- _INFORMATION GIVEN_
::::

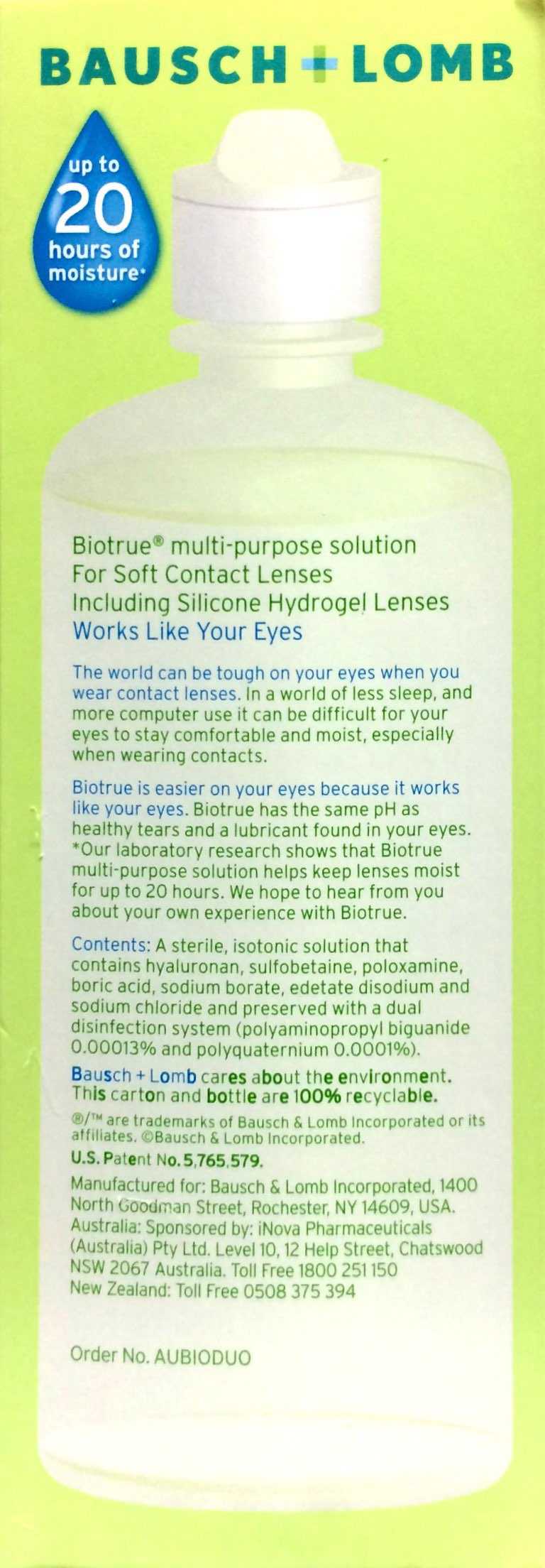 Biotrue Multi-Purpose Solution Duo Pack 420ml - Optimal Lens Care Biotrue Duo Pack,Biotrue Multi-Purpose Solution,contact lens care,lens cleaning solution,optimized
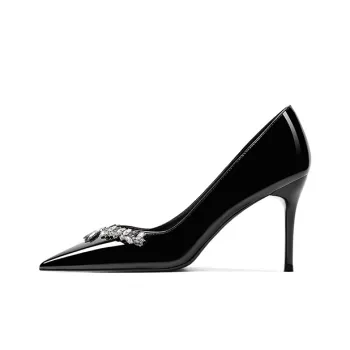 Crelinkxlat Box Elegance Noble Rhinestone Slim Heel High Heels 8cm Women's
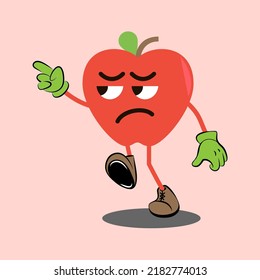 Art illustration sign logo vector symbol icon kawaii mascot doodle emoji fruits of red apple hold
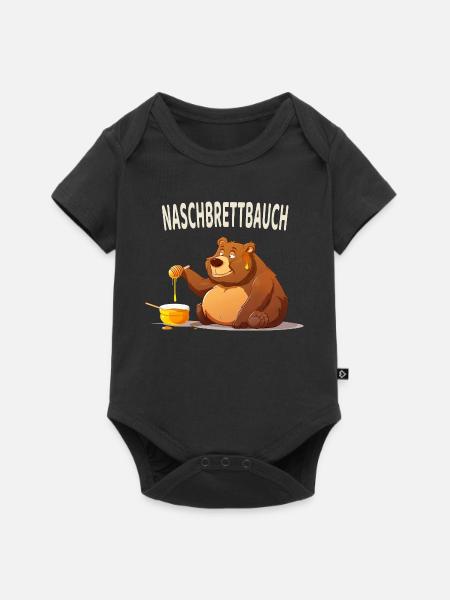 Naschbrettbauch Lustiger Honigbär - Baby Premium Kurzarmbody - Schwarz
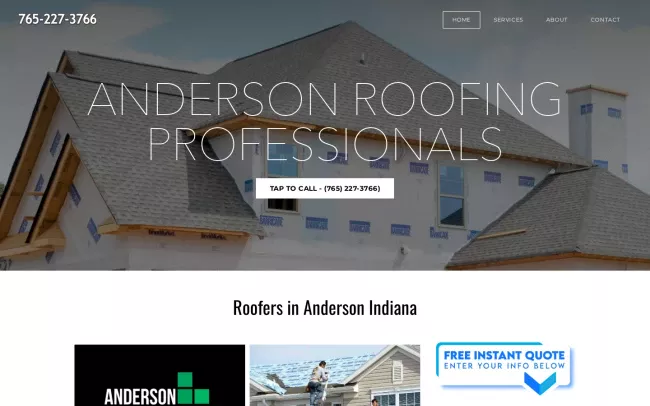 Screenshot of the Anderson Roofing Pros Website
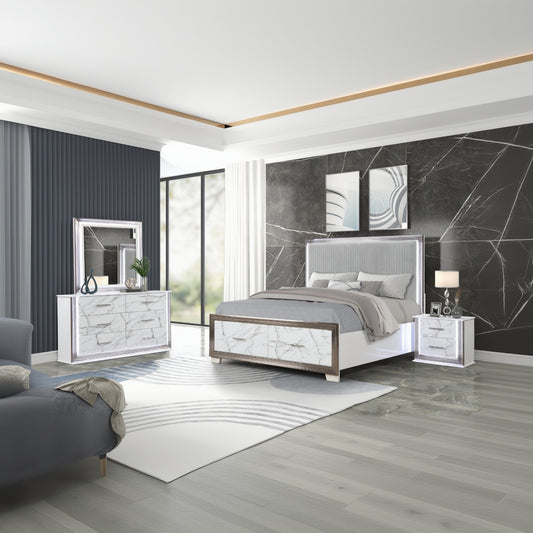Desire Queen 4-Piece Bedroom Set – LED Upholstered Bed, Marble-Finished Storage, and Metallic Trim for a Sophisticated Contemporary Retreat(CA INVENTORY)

::::

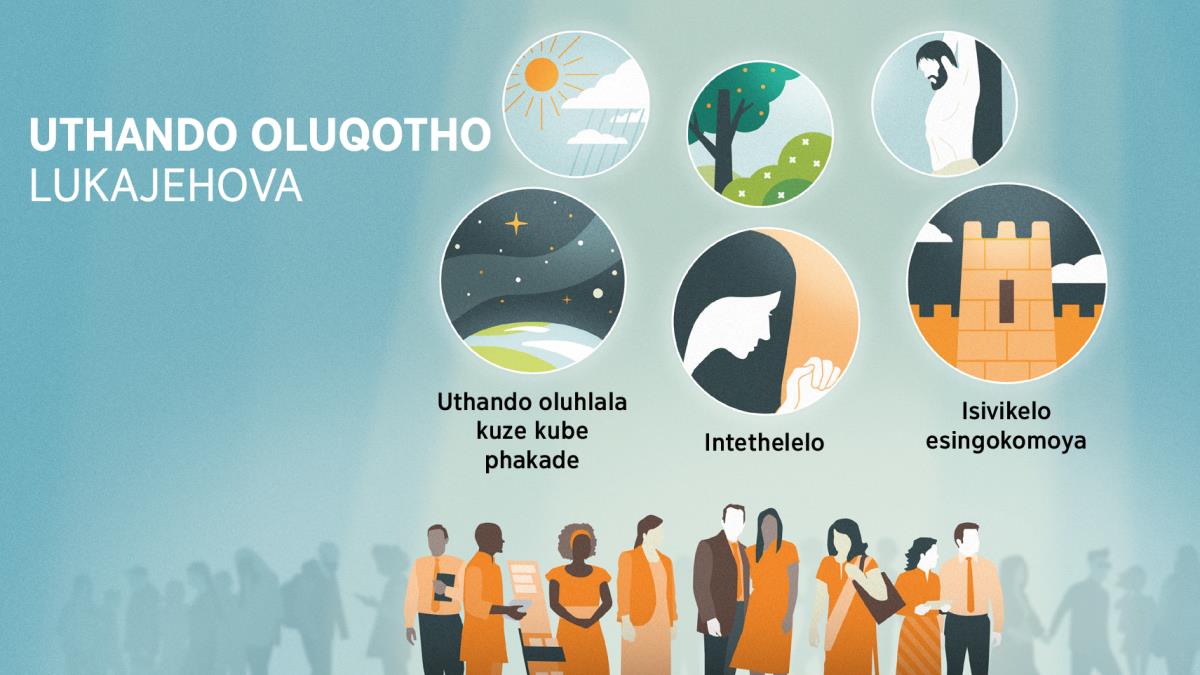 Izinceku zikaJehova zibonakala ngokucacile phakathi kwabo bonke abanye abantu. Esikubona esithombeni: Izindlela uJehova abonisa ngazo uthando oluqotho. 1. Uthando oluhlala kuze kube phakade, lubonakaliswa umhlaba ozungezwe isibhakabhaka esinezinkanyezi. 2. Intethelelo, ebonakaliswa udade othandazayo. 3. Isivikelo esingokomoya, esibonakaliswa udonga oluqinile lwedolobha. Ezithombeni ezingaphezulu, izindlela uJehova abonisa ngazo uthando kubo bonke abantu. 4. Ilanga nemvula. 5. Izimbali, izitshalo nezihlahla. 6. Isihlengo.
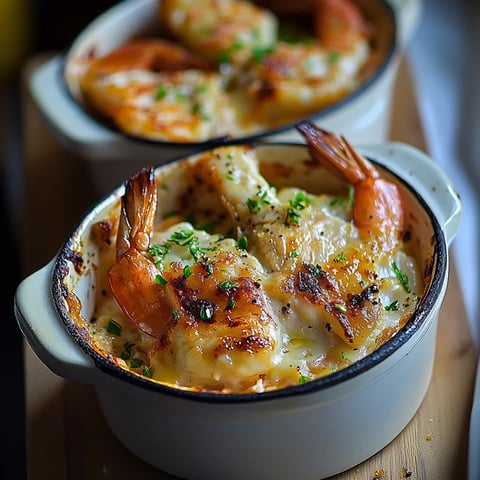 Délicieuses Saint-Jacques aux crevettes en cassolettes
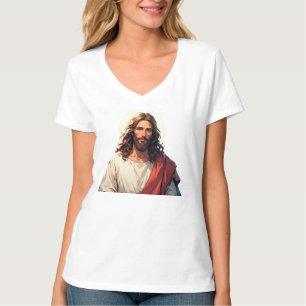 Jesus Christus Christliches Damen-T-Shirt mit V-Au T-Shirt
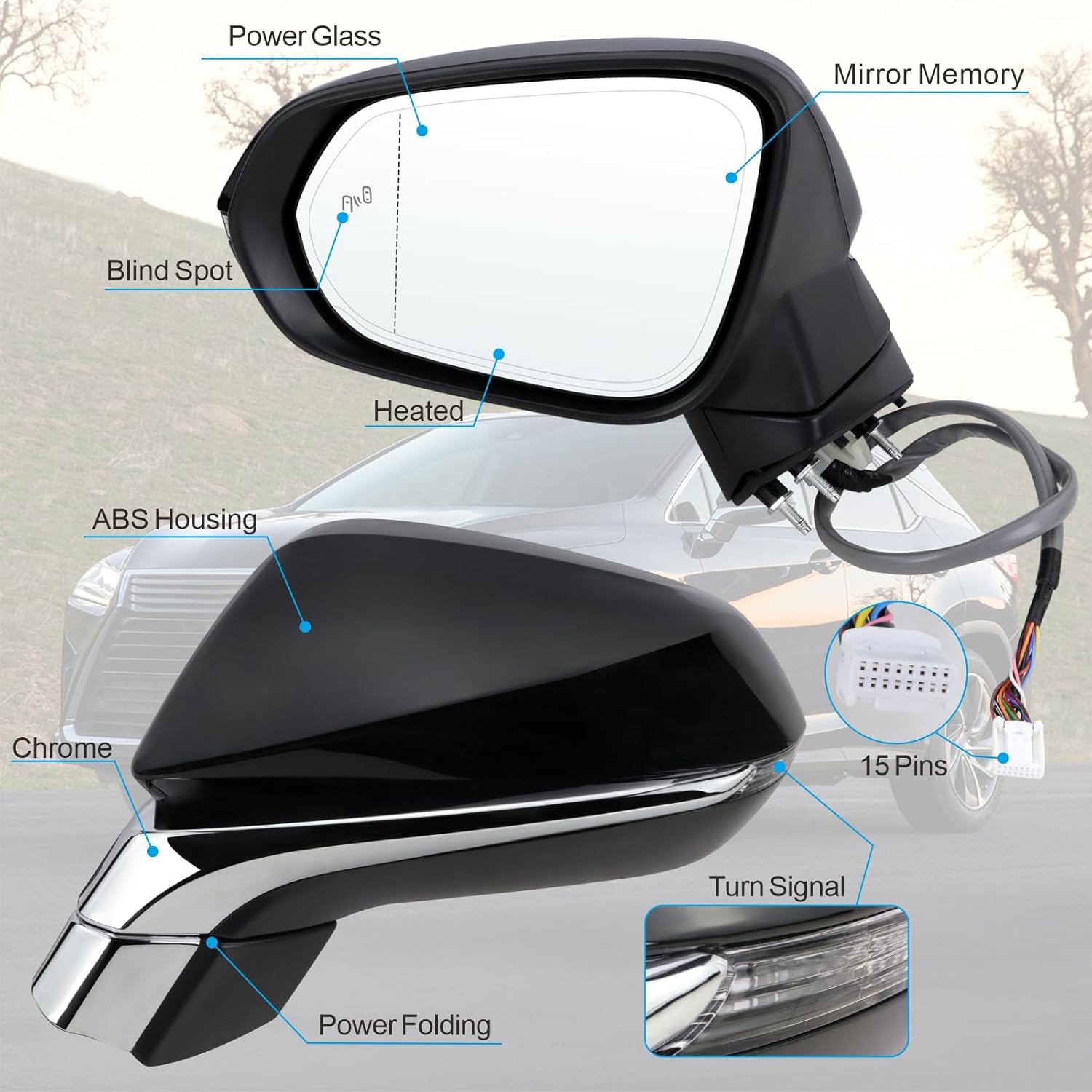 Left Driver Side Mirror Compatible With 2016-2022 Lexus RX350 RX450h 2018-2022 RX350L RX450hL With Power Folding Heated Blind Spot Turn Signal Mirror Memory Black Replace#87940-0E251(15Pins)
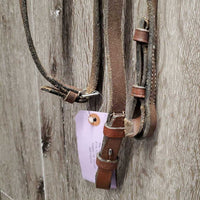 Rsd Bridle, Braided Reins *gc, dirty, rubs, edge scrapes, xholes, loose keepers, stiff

::::

Only the lines above starting with the line with "Crelinkxlat Box Elegance" and going on through the line with "Desire Queen 4-Piece" belong in the answer; repeat them exactly, minus any picture.

- _WRITTEN REPLY_
 Crelinkxlat Box Elegance Noble Rhinestone Slim Heel High Heels 8cm Women's
 Art illustration sign logo vector symbol icon kawaii mascot doodle emoji fruits of red apple hold
 Naschbrettbauch Lustiger Honigbär - Baby Premium Kurzarmbody - Schwarz
 Screenshot of the Anderson Roofing Pros Website
Desire Queen 4-Piece Bedroom Set – LED Upholstered Bed, Marble-Finished Storage, and Metallic Trim for a Sophisticated Contemporary Retreat(CA INVENTORY)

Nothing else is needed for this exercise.